We plan to compose all of those repositories, and deliver updates in the same stream. The x86_64 tree for the BaseOS repository will look something like this:
x86_64 ├── debug # Note: we will likely snip this out and move debugs to debuginfo.centos.org │ └── tree │ ├── Packages │ └── repodata ├── iso └── os ├── EFI │ └── BOOT │ └── fonts ├── images │ └── pxeboot ├── isolinux ├── Packages └── repodata
I think this would be fine provided there is a frozen-in-time set of repodata that matches the current 'base' repo.
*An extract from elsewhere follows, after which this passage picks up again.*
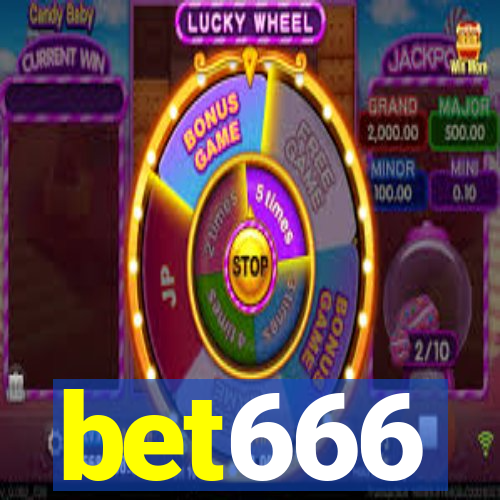 bet666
Going further, I'd propose something akin to https://snapshot.debian.org:
x86_64 ├── iso ├── appstream │ ├── Packages │ └── repodata # replaced daily ├── baseos │ ├── Packages │ └── repodata # replaced daily ├── devel │ ├── Packages │ └── repodata # replaced daily ├── snapshot │ └── 20190619T145736Z │ ├── appstream │ │ ├── Packages -> ../../../appstream/Packages │ │ └── repodata # frozen in time │ ├── baseos │ │ ├── Packages -> ../../../baseos/Packages │ │ └── repodata # frozen in time │ └── devel │ ├── Packages -> ../../../devel/Packages │ └── repodata # frozen in time └── kickstart ├── EFI │ └── BOOT │ └── fonts ├── images │ └── pxeboot ├── isolinux ├── appstream │ ├── repodata # frozen in time │ └── Packages -> ../../appstream/Packages └── baseos ├── repodata # frozen in time └── Packages -> ../../baseos/Packages
Something similar could be done with hardlinks of individual RPMs instead of symlinks to a Packages directory that has all RPMS, but the idea is that on-disk there is only one copy of each RPM. The additional space taken by the snapshot/ directory would be solely the daily repo metadata. These could be moved to archive.centos.org with each new point release, same as happens today w/ the rest of the tree.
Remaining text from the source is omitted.